RECORDS FOR PROCESSING
_ _ _ _ _ _ _

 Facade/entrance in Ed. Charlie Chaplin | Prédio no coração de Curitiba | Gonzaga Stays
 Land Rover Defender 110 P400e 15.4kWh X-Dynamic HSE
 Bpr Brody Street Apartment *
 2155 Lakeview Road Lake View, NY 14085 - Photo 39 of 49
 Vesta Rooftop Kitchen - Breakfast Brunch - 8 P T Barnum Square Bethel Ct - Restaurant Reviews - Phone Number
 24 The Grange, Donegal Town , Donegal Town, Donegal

_ _ _ _ _ _ _

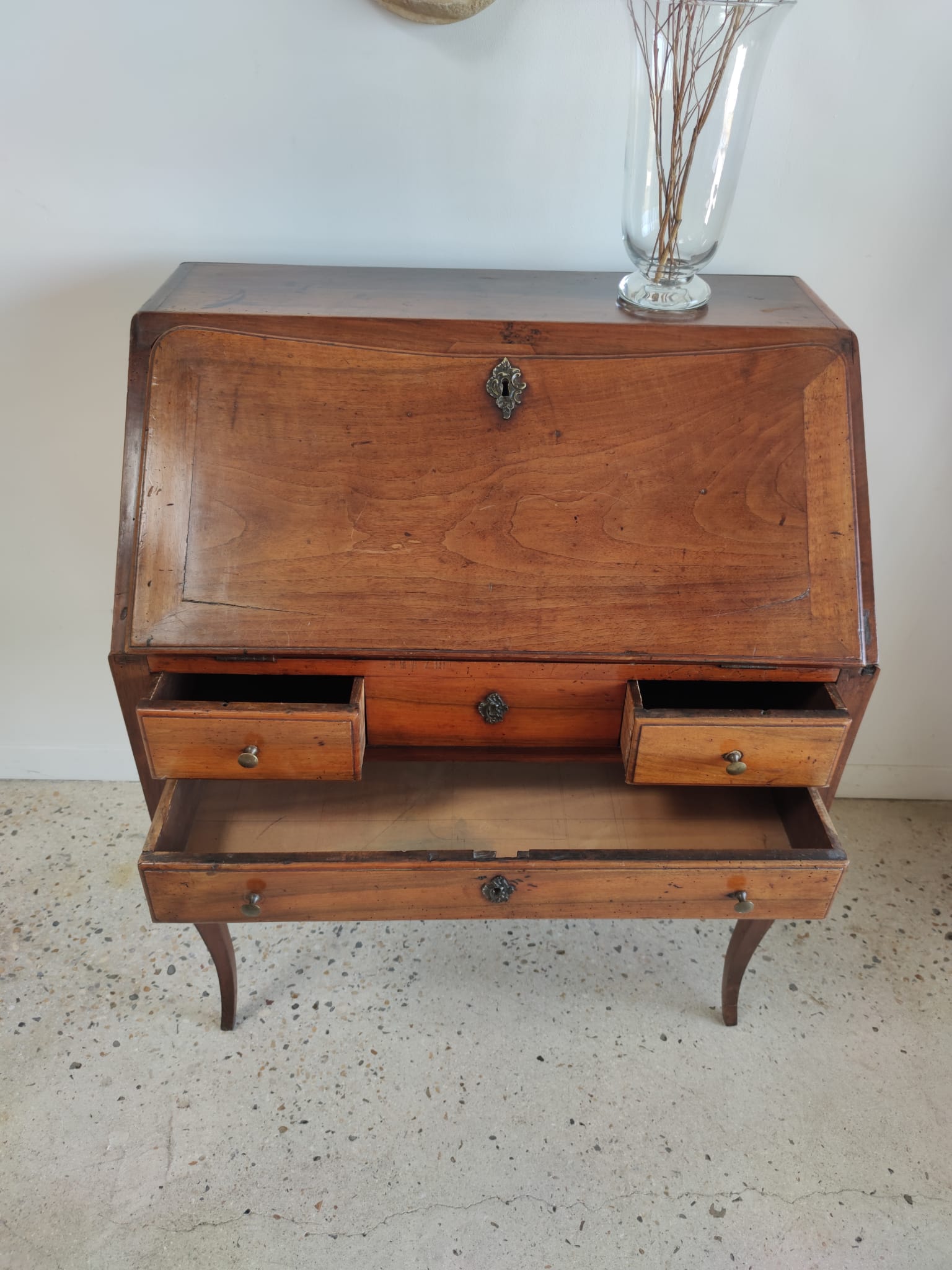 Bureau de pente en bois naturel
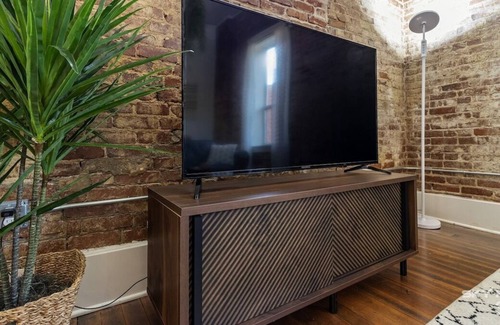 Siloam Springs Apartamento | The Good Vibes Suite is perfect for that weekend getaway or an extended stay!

_ _ _ _ _ _ _

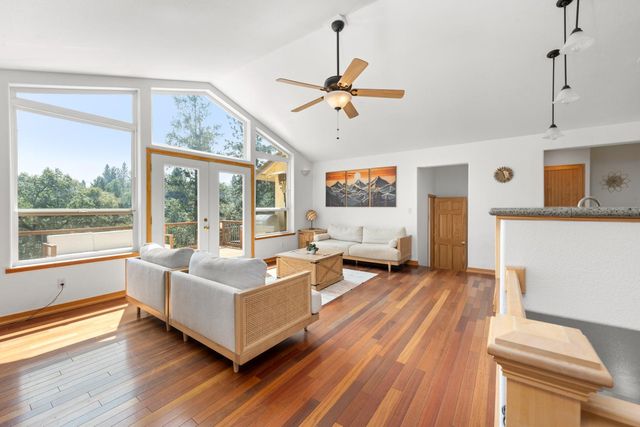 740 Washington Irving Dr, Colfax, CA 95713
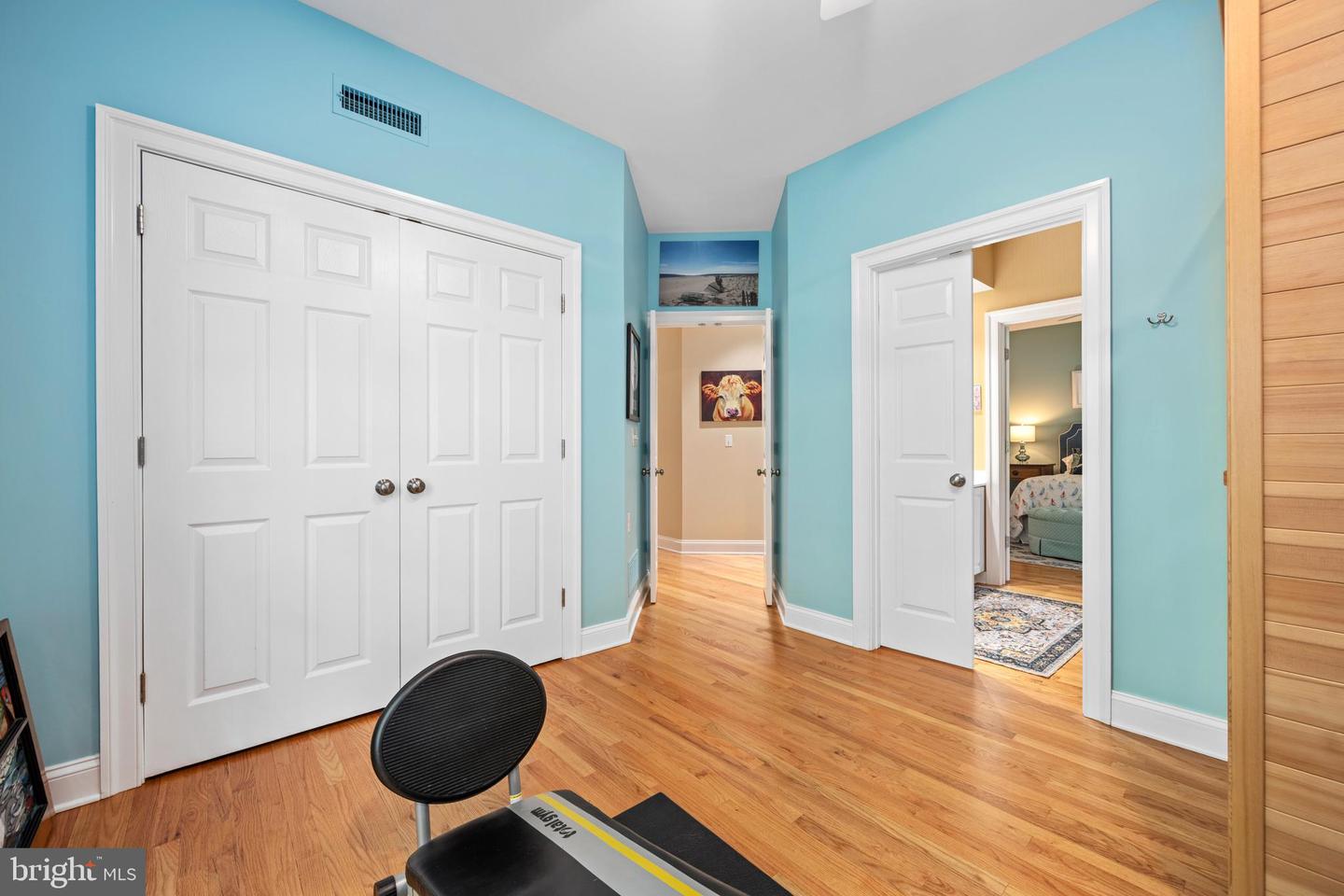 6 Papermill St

_ _ _ _ _ _ _

WHAT IS EXPECTED
Leave the pictures out, and transcribe exactly the lines above starting at the one that contains "740 Washington Irving Dr, Colfax, CA 95713" and ending at the one that contains "6 Papermill St".

TASK RESPONSE
 740 Washington Irving Dr, Colfax, CA 95713
 6 Papermill St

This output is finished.